東京理科大学,物質材料研究機構,台湾大学,台湾 交通大学は,有機―無機複合二次元物質であるビス(ジチオラト)鉄(II)(FeBHT)の大きな良質フィルムを室温でボトムアップ合成する方法を開発し,さらに,そのフィルムを用いたセルフパワー光検出器は,高い安定性を長期に渡り維持することを明らかにした(ニュースリリース)。

有機―無機複合二次元物質は,目的にあった多彩な化学・物理構造を設計できることから,オプトエレクトロニクス分野で高い注目を集めている。しかし一般に,有機―無機複合二次元物質は有機分子を含むことから安定性が低く,光電池などへの応用は困難だった。

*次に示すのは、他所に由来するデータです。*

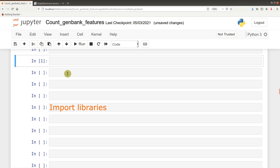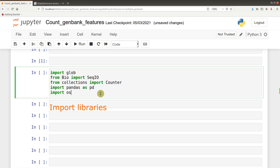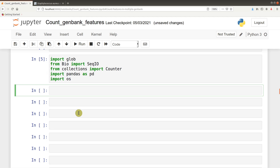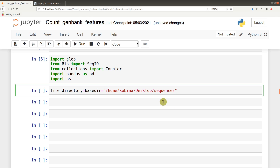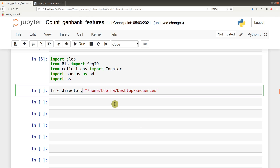First of all, we are going to import our libraries. These are the libraries we will use, then we run it. We are now going to set a path to the directory that contains our GenBank files. This is how I set my path — this is the file directory that contains your sequences. Please note that yours is likely to be different, so make sure you put the appropriate path there.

機能性二次元物質であるCONASHはタイル状に敷き詰められた有機リガンド分子と無機金属イオンからなる2次元ネットワーク。電気触媒やフォトニクスによる自己組織化を利用したボトムアッププロセスで合成できることから,有機アニオンと無機カチオンの組み合わせの多様性が非常に高く,物理化学的な特性を調整することができる。

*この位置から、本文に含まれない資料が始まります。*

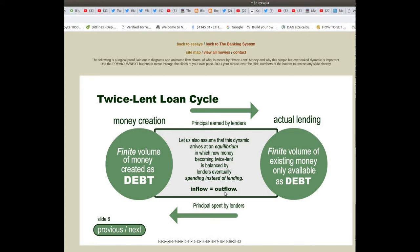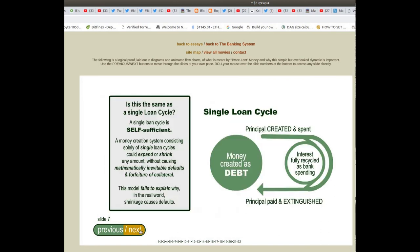Inflow and Outflow Model. Let us also assume that this dynamic arrives at an equilibrium in which new money becoming twice lent is balanced by lenders eventually spending instead of lending. To be continued. Thank you.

今回,研究グループは有機―無機複合二次元物質の耐候性の低さを克服すべく,大気中で安定なCONASHであるFeBHTをデザインして合成法を開発し,これを用いたセルフパワー光検出器の光応答特性を調べた。

まず,鉄イオンFe2+と臭化ナトリウム(NaBr)を含む水溶液(上層)と,ベンゼンヘキサチオール(BHT)の溶解したジクロロメタン(CH2Cl2)(下層)を室温下・窒素中で静置すると,2層の界面にFeBHTが生成した。こうして合成されたFeBHTは,水およびジクロロメタン不溶性だった。

次に,合成したFeBHTを酸化インジウムスズ(ITO)/酸化スズ(SnO2)基板上に吸着させてエタノールで洗浄した。光検出器であるFeBHTに対し,ITOとSnO2はそれぞれ,陽極と電子伝達体として機能する。さらにその上に,正孔輸送層Spiro-OMeTADと,陰極として機能する金(Au)をドープすることで,セルフパワー光検出器を作製した。

このセルフパワー光検出器の光応答特性および安定性を調べた結果,短い応答時間(<40ms),6.57mAW-1の高いスペクトル応答性,3.13×1011Jonesの高い比検出率,365nmで2.23%の外部量子効率の光応答を示すことを確かめた。さらに,大気下で非常に高い長期安定性をもつことも示されたという。

研究グループはこの成果について,電源のいらない受光センサーや,光を電流に変換するエネルギー供給素子として期待できるとしている。